====== PROVIDED DATA
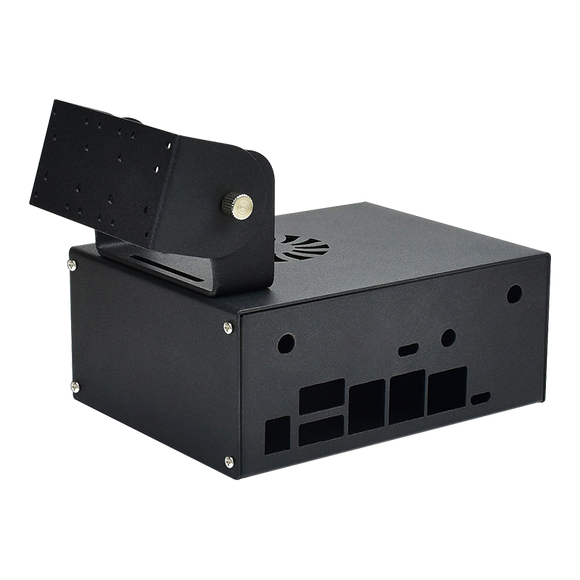 Caturda C2663 Black Metal Cover Box fits Jetson Nano compatible with A02 B01 Support Dual Camera Module Raspberry Pi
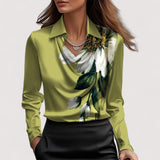 Charlotte™ | Blouse en satin avec décolleté en V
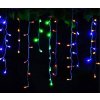 Vnitřní LED vánoční závěs - různobarevná, stále svítící, 2,5m, 105 LED, propojovatelný (Délka světelné části+délka přívodního kabelu a počet LED 2,5m+1,5m, 105 LED)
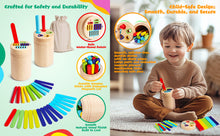 Load image into Gallery viewer, Learning Toys for Toddlers 1-3, Color Sorting Sensory Toys, Montessori Toys for 2 Year Old, Shape Sorters for Toddlers 1-3, Educational Toys for 2 Year Old
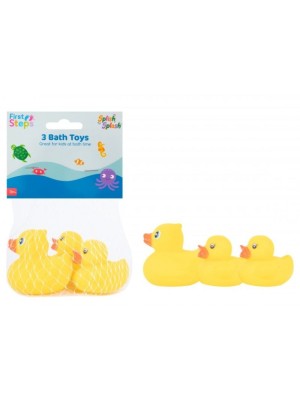 First Steps Vinyl Duck Family Bath Toys (3 Pack)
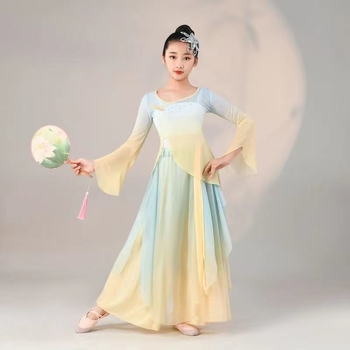 Scensko plesno odijelo — šifon tkanina, svila mulberry, 95% i više, ljeto 2022, za ples stomaka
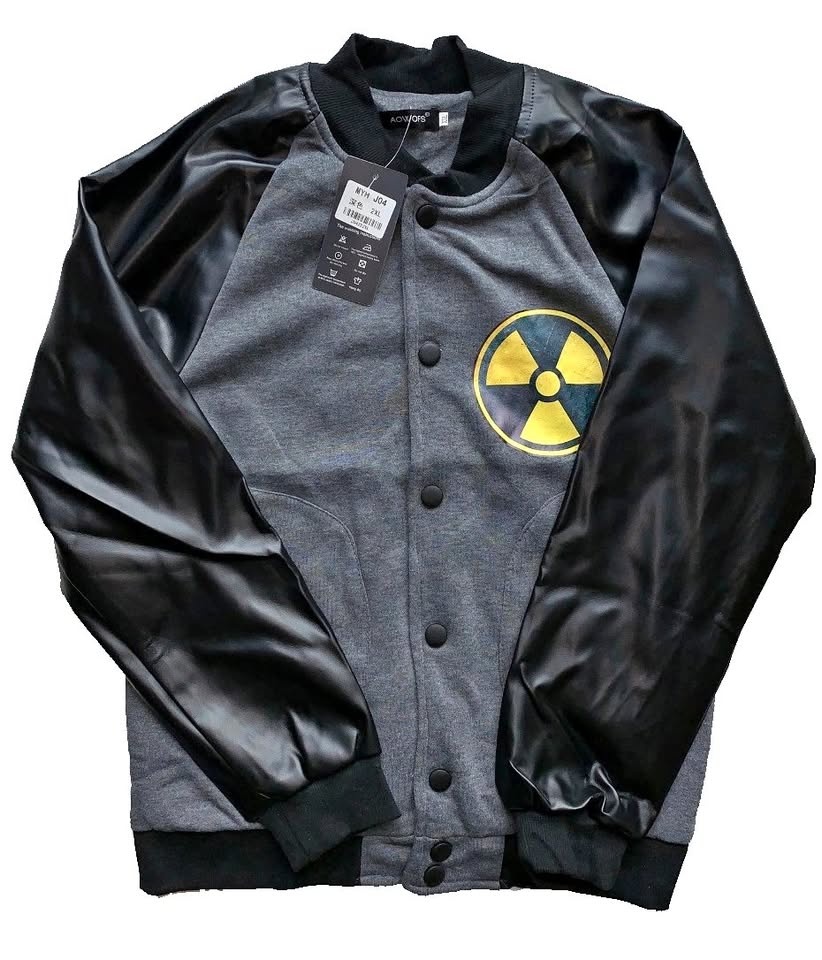 🏆 NEW Radioactive Symbol Varsity Jacket Men's Small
============
=== INSTRUCTIONS FOR THE TASK ===
Your answer must be the records above, word for word, with every picture left out.

=== FINISHED TASK ===
 Caturda C2663 Black Metal Cover Box fits Jetson Nano compatible with A02 B01 Support Dual Camera Module Raspberry Pi
 Charlotte™ | Blouse en satin avec décolleté en V
 Vnitřní LED vánoční závěs - různobarevná, stále svítící, 2,5m, 105 LED, propojovatelný (Délka světelné části+délka přívodního kabelu a počet LED 2,5m+1,5m, 105 LED)
 Load image into Gallery viewer, Learning Toys for Toddlers 1-3, Color Sorting Sensory Toys, Montessori Toys for 2 Year Old, Shape Sorters for Toddlers 1-3, Educational Toys for 2 Year Old
 First Steps Vinyl Duck Family Bath Toys (3 Pack)
 Scensko plesno odijelo — šifon tkanina, svila mulberry, 95% i više, ljeto 2022, za ples stomaka
 🏆 NEW Radioactive Symbol Varsity Jacket Men's Small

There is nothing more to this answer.